Hi everybody, this is Julien from Arcee. A lot of folks still think that fine-tuning large models is difficult and expensive. Well, in this video, I'm going to show you how you can fine-tune a stable diffusion model for literally one dollar. And we won't even write a line of code. We'll just use an off-the-shelf script from the diffusion library and advanced training techniques implemented in the PEFT library, which, as we know by now, is parameter-efficient fine-tuning. So this is pretty cool stuff. It's very efficient. Let's get to work.
This video is based on a blog post that my colleagues wrote a little while ago, and I'll strongly encourage you to read it, of course. I will put all the links in the video description. So, in a nutshell, what we're going to do here is start from a stable diffusion model. We're going to fine-tune it on an image dataset of Pokemons, which is pretty funny. And we can do this very efficiently using a technique called LoRa, which stands for low-rank adaptation. I will explain this in a minute. In a nutshell, this technique helps us reduce the number of parameters that we actually have to fine-tune, and that definitely lowers the bar on how much infrastructure is required. Okay?
So, going with this, this is the actual script I'm going to use. Very simple. And, of course, we'll generate some Pokemons with the trained model. The model is also on the hub, so you'll be able to replicate this with your own images. That's pretty fun.

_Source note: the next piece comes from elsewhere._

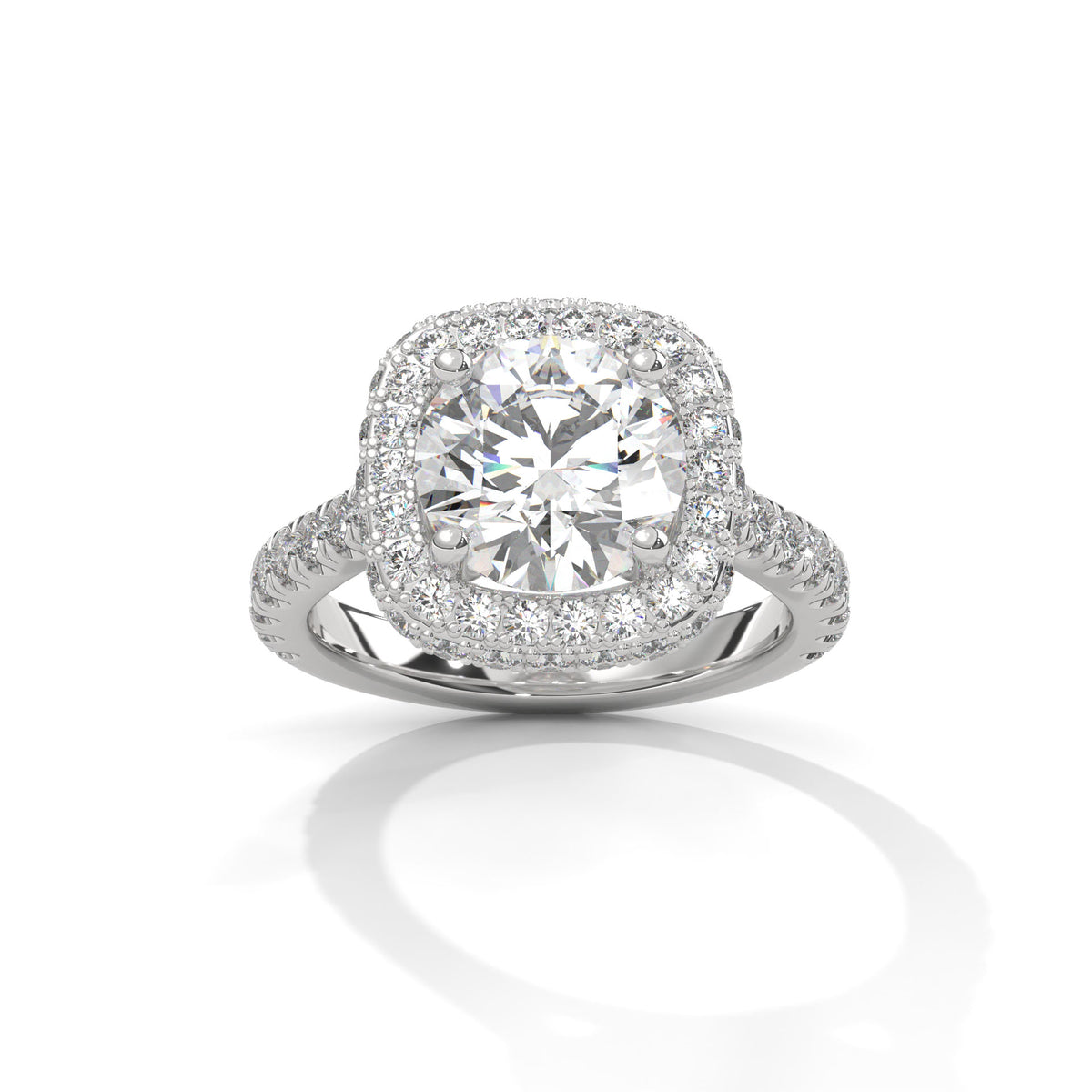 Cushion Crown Halo Ring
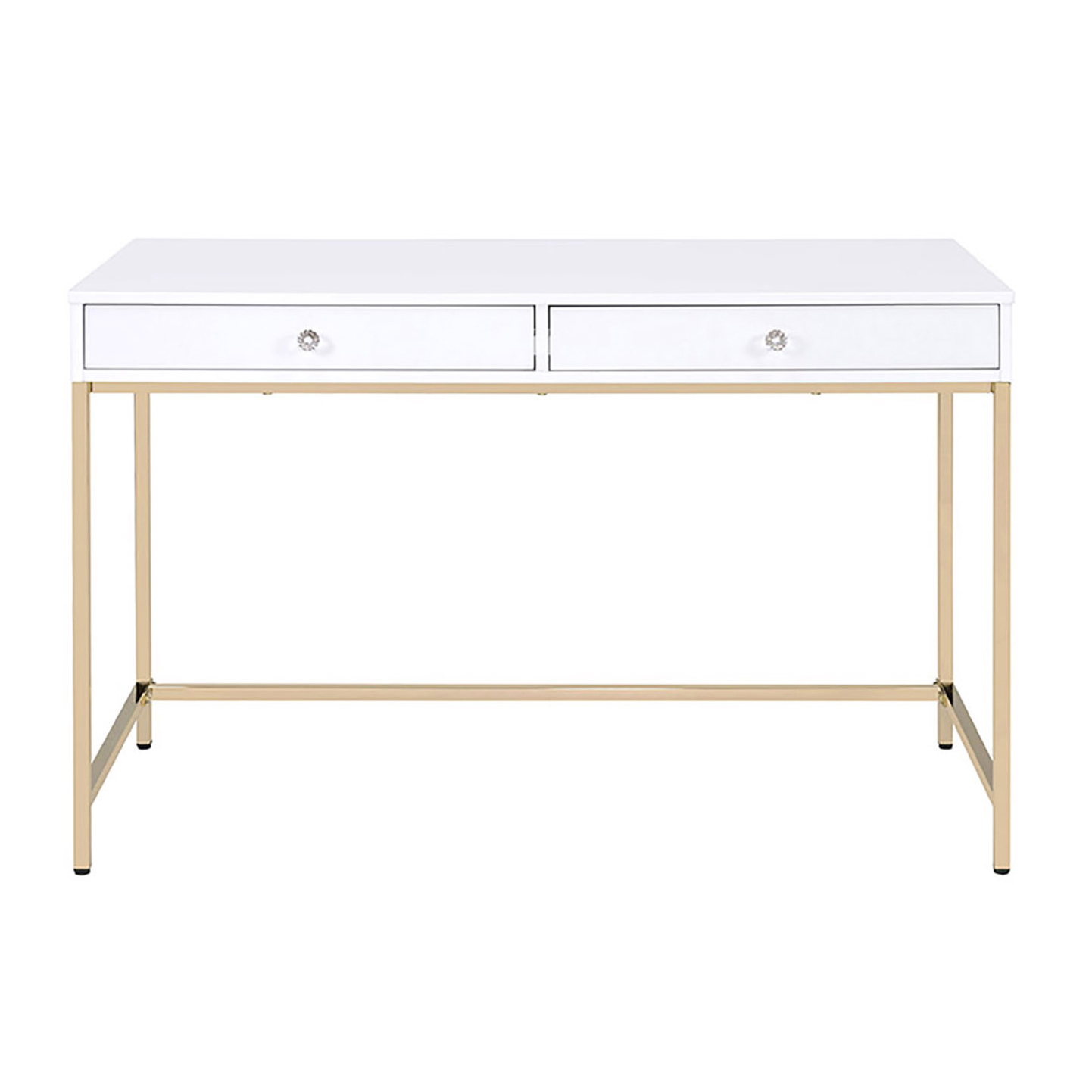 White High Gloss and Gold 2-Drawer Writing Desk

First things first, let's take a look at LoRa, what it means in hopefully plain English, and why it's an amazing technique to reduce the amount of infrastructure that's required. As you'll know, traditional fine-tuning updates all the model parameters. So when we're working with a billion or multi-billion parameter models, obviously, this is a time-consuming process and it becomes expensive quickly because we need lots of infrastructure and powerful GPUs with lots of RAM to even fit the model.
A while ago, this new technique came out. It's called LoRa, which means low-rank adaptation. I will explain what the low-rank bit means. Please go and check out the research paper if you'd like. And what LoRa says is we can fine-tune models and update models by simply training two small matrices, multiplying those two matrices, and adding the result to the original model. And obviously, the point here is that instead of fine-tuning the full original model, we're just going to learn those update matrices, which are much smaller.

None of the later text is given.